### Activity
Your copy should begin with the line containing "ホームホワイトニング春日市の", end with the line containing "closeup of surgeons during surgery", match the listing below exactly, and contain no pictures.

### Material for this task
::::

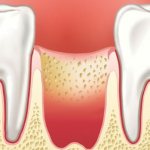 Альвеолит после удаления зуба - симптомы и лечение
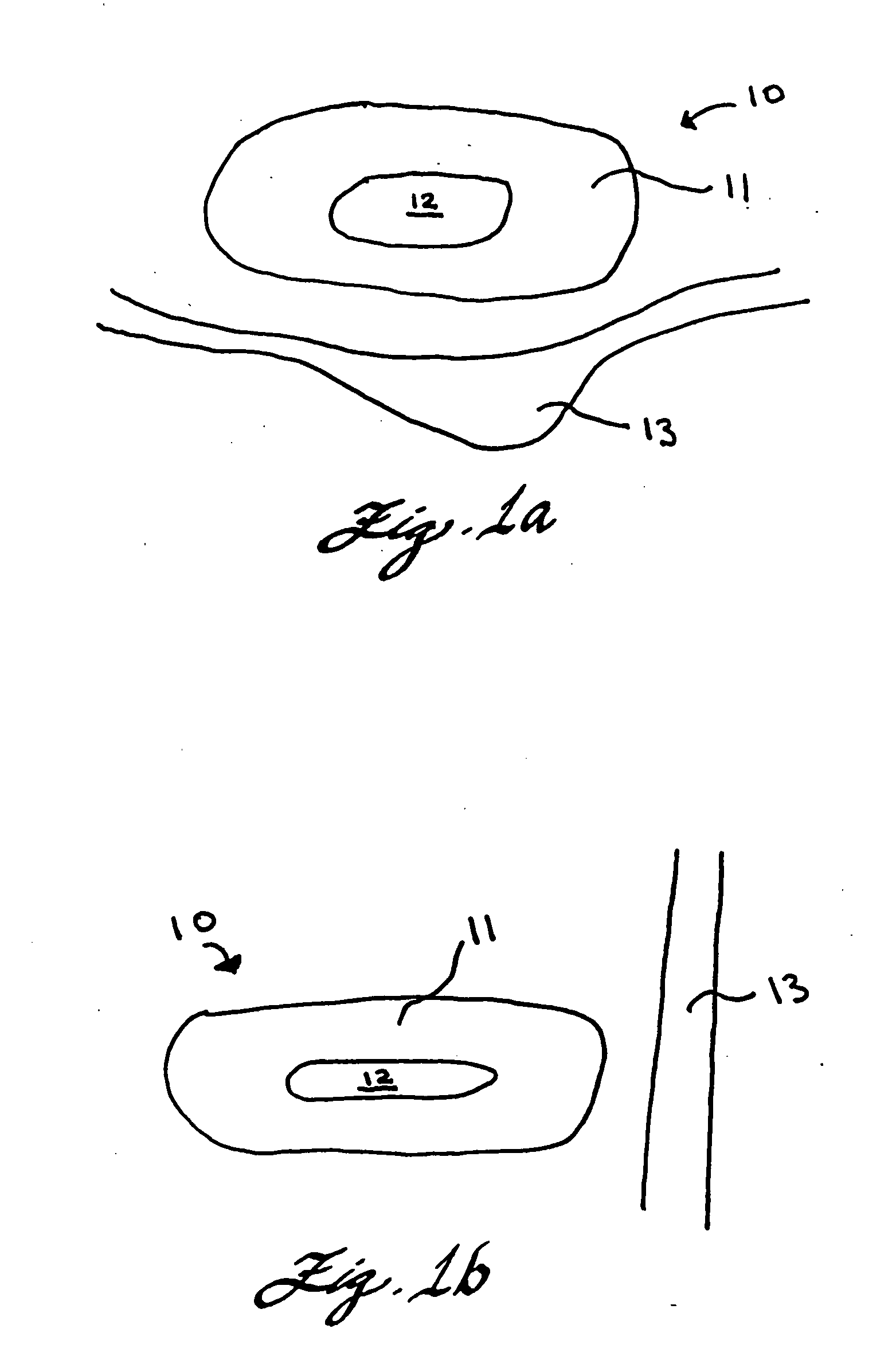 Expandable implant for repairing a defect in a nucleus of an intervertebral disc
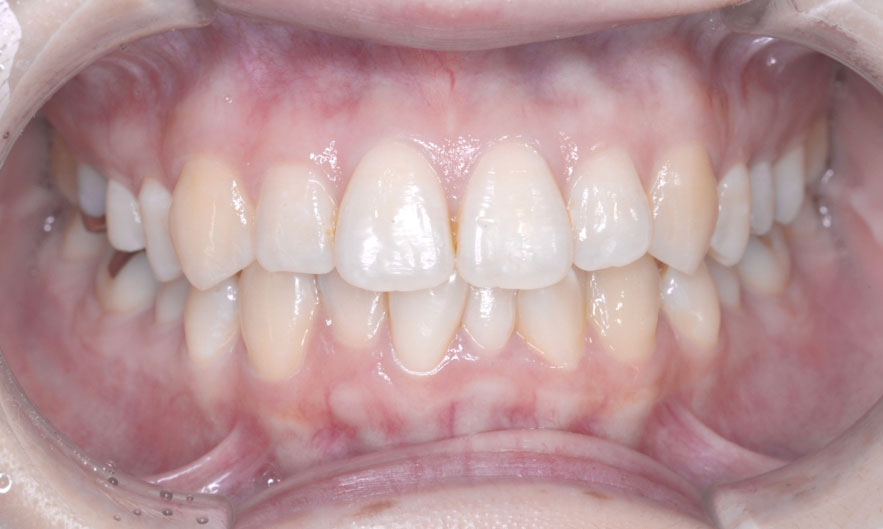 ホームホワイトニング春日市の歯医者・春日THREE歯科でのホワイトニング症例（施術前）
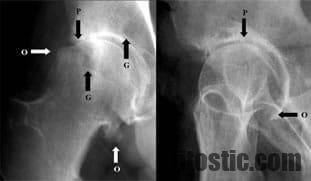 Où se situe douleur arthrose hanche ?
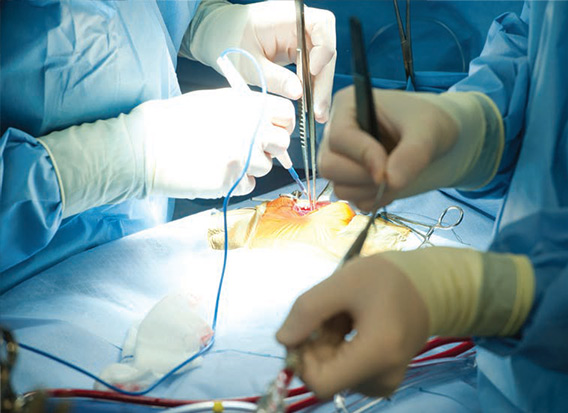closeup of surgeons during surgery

::::

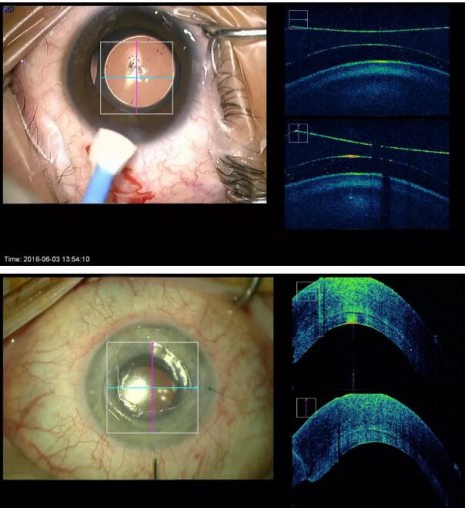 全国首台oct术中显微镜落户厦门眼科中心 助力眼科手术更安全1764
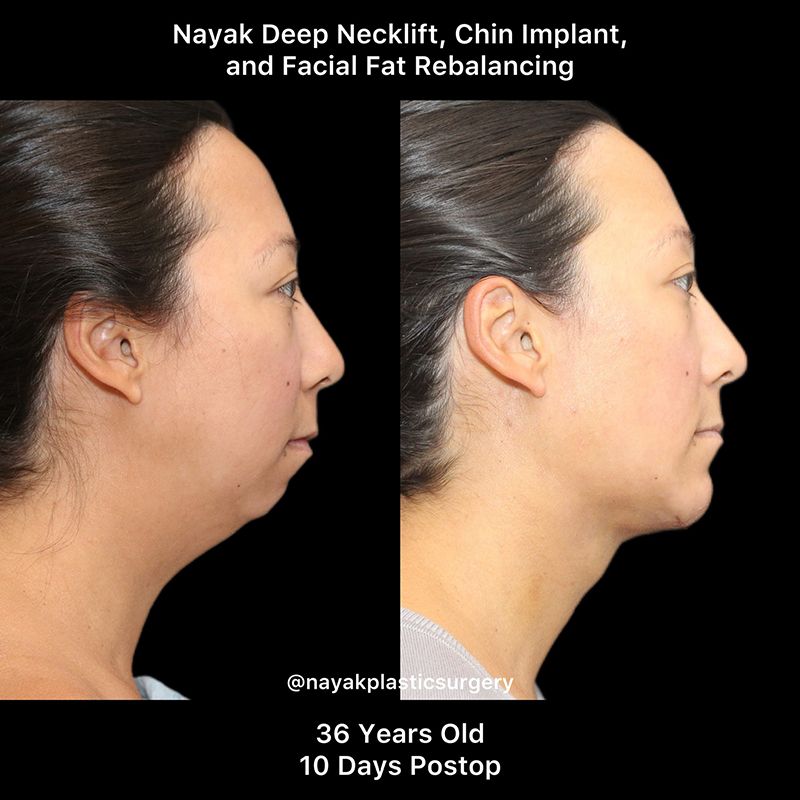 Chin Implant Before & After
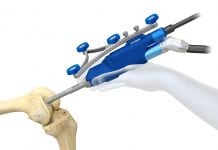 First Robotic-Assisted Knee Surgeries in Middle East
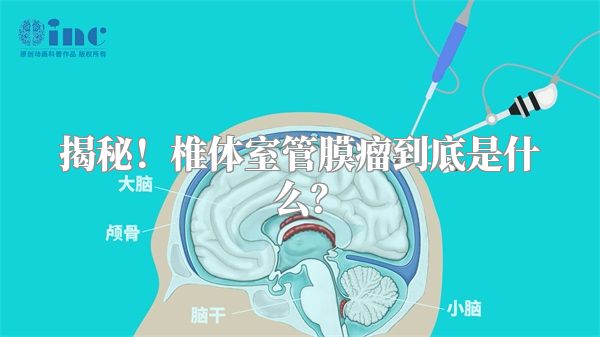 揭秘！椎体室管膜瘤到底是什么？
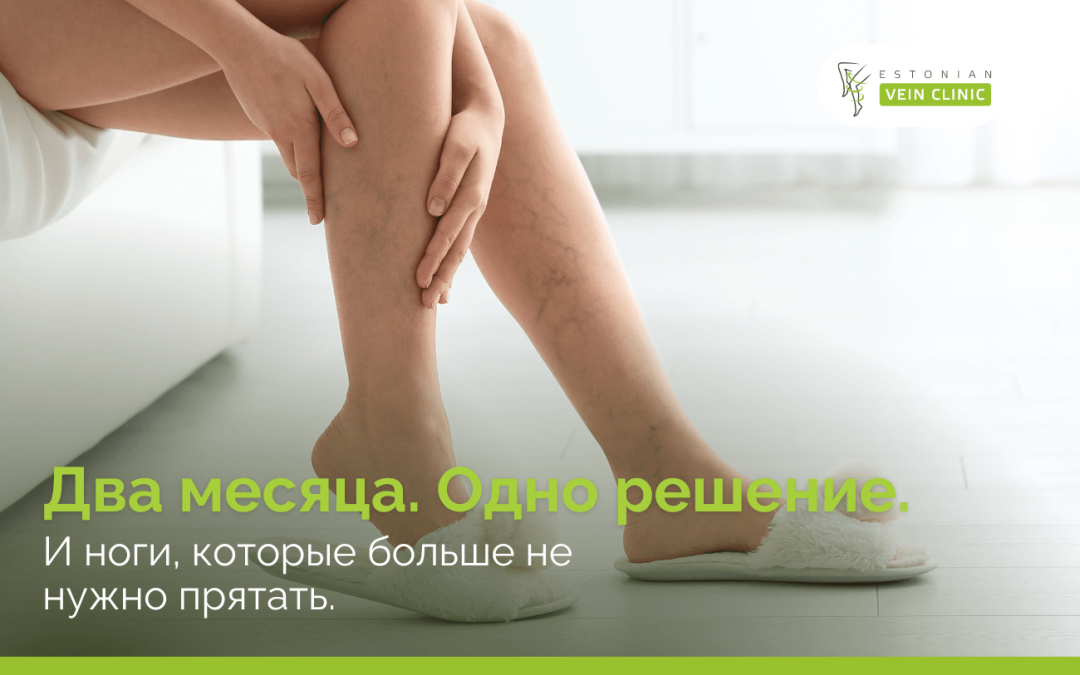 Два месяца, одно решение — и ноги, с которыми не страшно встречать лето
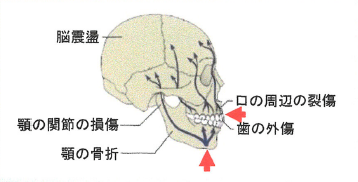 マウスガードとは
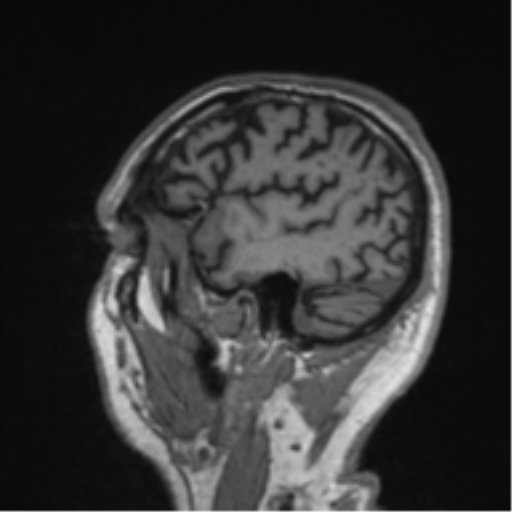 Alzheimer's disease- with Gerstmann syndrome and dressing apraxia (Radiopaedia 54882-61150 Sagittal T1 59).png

::::

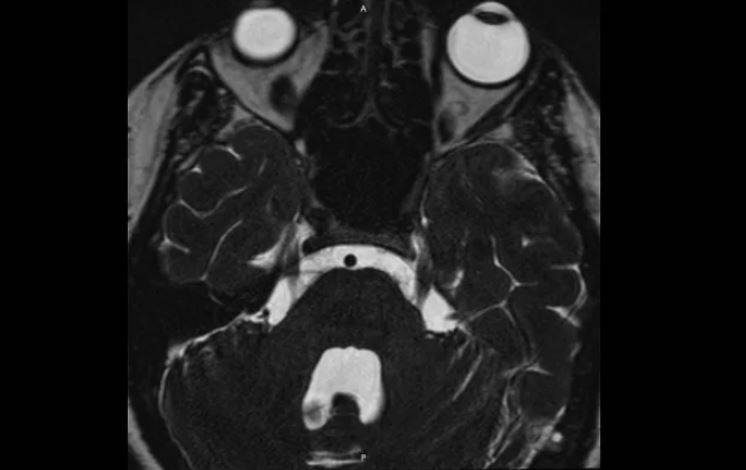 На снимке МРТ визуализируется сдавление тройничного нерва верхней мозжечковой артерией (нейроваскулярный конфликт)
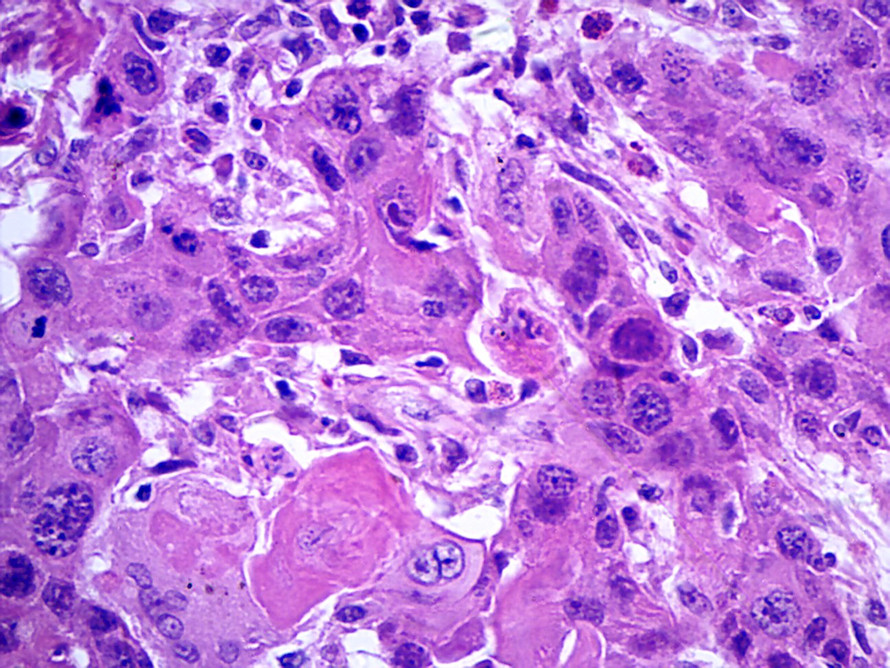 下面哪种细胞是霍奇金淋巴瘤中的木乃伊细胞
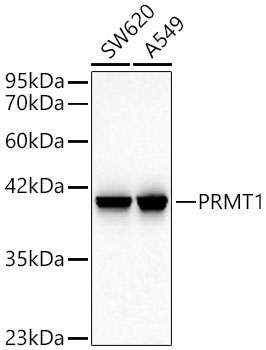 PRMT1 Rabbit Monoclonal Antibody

::::

### Output for this exercise
 ホームホワイトニング春日市の歯医者・春日THREE歯科でのホワイトニング症例（施術前）
 Où se situe douleur arthrose hanche ?
closeup of surgeons during surgery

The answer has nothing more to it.